WORK TO COMPLETE: In the records, find each line where "podczas" occurs, and copy it.

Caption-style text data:
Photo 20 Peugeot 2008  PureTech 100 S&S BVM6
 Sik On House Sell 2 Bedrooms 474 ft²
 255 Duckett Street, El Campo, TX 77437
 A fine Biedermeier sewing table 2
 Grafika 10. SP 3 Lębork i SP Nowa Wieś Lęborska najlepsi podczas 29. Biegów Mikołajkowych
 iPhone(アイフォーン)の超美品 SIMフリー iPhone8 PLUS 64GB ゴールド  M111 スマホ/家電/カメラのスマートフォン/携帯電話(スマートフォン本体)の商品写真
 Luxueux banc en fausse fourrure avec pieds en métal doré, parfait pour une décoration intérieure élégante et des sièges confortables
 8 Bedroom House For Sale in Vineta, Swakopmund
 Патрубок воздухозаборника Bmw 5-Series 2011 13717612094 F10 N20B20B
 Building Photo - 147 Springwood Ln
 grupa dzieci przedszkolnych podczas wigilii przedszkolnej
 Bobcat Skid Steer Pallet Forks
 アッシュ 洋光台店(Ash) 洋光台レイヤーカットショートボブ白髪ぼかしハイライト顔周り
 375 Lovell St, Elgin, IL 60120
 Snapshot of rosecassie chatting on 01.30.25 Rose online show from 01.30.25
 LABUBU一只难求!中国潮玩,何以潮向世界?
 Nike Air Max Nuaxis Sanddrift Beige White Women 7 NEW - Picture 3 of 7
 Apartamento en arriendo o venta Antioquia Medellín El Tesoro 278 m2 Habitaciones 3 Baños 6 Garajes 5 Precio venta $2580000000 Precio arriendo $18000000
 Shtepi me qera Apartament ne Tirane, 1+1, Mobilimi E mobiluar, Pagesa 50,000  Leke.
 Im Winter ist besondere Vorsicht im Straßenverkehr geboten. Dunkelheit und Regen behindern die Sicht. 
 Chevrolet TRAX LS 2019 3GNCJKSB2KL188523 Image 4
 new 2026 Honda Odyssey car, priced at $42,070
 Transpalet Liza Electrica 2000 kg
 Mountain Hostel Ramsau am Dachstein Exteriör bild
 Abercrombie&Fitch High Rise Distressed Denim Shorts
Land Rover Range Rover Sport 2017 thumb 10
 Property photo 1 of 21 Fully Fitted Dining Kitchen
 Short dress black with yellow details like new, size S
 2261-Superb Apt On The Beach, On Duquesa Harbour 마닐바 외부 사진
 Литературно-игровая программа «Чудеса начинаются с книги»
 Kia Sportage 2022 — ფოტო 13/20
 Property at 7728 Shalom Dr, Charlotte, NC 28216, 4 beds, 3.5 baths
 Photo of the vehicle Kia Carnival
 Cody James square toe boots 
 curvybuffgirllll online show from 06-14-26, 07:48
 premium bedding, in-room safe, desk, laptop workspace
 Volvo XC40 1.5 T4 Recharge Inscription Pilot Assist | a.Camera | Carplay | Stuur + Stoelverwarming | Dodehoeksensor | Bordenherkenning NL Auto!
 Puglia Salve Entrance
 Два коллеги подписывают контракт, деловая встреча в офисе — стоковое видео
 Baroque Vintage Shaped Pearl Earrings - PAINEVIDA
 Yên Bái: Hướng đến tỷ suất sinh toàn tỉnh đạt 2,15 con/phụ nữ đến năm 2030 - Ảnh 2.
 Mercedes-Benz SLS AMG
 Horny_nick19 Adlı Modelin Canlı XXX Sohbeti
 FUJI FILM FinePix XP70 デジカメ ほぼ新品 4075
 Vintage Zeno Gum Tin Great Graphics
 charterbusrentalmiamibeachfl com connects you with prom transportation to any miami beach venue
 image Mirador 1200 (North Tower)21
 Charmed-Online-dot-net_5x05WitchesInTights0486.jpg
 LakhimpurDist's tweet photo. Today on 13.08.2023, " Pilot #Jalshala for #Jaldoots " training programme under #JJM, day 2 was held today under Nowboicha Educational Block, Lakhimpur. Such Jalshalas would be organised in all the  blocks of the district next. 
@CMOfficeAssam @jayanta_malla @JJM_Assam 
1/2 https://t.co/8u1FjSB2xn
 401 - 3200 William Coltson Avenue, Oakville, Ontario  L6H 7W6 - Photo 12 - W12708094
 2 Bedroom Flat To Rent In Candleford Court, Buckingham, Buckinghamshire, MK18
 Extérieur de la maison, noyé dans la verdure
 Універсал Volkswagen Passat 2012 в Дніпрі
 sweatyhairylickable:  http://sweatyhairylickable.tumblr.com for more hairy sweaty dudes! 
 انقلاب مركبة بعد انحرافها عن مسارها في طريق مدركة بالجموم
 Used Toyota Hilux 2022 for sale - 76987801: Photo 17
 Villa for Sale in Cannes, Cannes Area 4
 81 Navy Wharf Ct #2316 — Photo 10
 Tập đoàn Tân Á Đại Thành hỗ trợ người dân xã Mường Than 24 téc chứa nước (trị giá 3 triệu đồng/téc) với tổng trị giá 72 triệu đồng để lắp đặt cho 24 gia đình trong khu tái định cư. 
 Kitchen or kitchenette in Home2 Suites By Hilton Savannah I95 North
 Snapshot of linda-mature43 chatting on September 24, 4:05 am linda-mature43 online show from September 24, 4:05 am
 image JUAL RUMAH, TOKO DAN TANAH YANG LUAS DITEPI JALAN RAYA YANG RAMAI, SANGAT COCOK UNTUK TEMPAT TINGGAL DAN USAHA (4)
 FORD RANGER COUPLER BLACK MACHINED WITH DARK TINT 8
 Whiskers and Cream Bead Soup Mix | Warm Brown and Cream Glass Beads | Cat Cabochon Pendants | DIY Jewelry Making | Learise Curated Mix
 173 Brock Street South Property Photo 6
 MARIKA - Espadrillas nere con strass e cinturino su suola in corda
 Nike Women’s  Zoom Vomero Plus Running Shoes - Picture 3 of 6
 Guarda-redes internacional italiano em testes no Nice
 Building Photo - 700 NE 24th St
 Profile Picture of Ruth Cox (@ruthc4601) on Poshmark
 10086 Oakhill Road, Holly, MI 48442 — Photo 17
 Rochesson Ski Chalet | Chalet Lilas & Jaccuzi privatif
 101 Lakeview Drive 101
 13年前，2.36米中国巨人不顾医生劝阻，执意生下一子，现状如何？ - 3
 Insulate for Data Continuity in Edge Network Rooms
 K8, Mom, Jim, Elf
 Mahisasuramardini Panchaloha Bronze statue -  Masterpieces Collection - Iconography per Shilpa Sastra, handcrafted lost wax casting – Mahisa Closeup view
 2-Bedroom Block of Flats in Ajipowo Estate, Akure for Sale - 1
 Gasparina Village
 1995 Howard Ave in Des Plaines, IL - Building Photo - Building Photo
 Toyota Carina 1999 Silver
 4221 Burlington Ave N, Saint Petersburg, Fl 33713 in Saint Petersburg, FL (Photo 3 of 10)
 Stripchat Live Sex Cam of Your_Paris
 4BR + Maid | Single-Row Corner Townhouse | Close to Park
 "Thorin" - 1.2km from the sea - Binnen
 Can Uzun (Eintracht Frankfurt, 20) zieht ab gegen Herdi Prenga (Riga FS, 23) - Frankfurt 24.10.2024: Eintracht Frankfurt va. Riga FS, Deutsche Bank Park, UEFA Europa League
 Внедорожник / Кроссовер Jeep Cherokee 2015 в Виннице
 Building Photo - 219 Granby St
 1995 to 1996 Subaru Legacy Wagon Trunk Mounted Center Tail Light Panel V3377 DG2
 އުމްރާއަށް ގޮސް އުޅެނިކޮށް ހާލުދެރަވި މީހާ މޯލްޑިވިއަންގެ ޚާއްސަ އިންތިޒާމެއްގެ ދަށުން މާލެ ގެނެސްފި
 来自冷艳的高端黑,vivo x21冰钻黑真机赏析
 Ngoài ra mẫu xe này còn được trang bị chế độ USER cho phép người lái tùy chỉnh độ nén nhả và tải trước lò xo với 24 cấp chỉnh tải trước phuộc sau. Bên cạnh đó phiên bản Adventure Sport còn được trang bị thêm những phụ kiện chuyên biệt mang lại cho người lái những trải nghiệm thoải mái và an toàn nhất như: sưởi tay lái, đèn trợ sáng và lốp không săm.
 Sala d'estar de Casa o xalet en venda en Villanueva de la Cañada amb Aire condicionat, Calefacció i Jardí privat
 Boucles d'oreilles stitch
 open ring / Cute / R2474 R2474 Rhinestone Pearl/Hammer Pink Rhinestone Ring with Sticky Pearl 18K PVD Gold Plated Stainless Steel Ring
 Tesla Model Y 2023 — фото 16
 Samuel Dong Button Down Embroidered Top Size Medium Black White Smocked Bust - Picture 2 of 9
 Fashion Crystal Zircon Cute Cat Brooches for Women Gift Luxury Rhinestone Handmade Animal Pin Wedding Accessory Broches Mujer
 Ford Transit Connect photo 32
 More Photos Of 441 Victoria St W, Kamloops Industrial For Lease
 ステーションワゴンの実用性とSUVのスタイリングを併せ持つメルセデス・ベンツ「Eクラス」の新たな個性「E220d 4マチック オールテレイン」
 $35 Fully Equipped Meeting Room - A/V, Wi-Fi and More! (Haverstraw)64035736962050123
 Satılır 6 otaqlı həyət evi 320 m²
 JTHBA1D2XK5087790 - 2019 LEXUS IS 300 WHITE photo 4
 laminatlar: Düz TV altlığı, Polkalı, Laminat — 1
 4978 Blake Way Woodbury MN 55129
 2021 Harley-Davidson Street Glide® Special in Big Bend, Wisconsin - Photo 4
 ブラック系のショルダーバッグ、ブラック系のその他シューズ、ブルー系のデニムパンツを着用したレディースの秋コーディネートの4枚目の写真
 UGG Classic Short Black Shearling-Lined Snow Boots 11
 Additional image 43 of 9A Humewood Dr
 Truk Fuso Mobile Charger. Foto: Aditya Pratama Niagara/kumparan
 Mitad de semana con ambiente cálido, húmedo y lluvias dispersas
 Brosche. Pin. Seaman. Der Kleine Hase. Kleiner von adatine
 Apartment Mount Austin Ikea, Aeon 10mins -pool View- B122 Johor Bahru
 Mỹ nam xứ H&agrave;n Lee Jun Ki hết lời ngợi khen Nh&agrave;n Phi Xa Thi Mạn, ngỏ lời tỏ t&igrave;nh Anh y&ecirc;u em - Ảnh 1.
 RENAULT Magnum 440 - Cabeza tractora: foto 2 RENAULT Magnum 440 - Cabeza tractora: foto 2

OUTPUT OF THE TASK:
 Grafika 10. SP 3 Lębork i SP Nowa Wieś Lęborska najlepsi podczas 29. Biegów Mikołajkowych
 grupa dzieci przedszkolnych podczas wigilii przedszkolnej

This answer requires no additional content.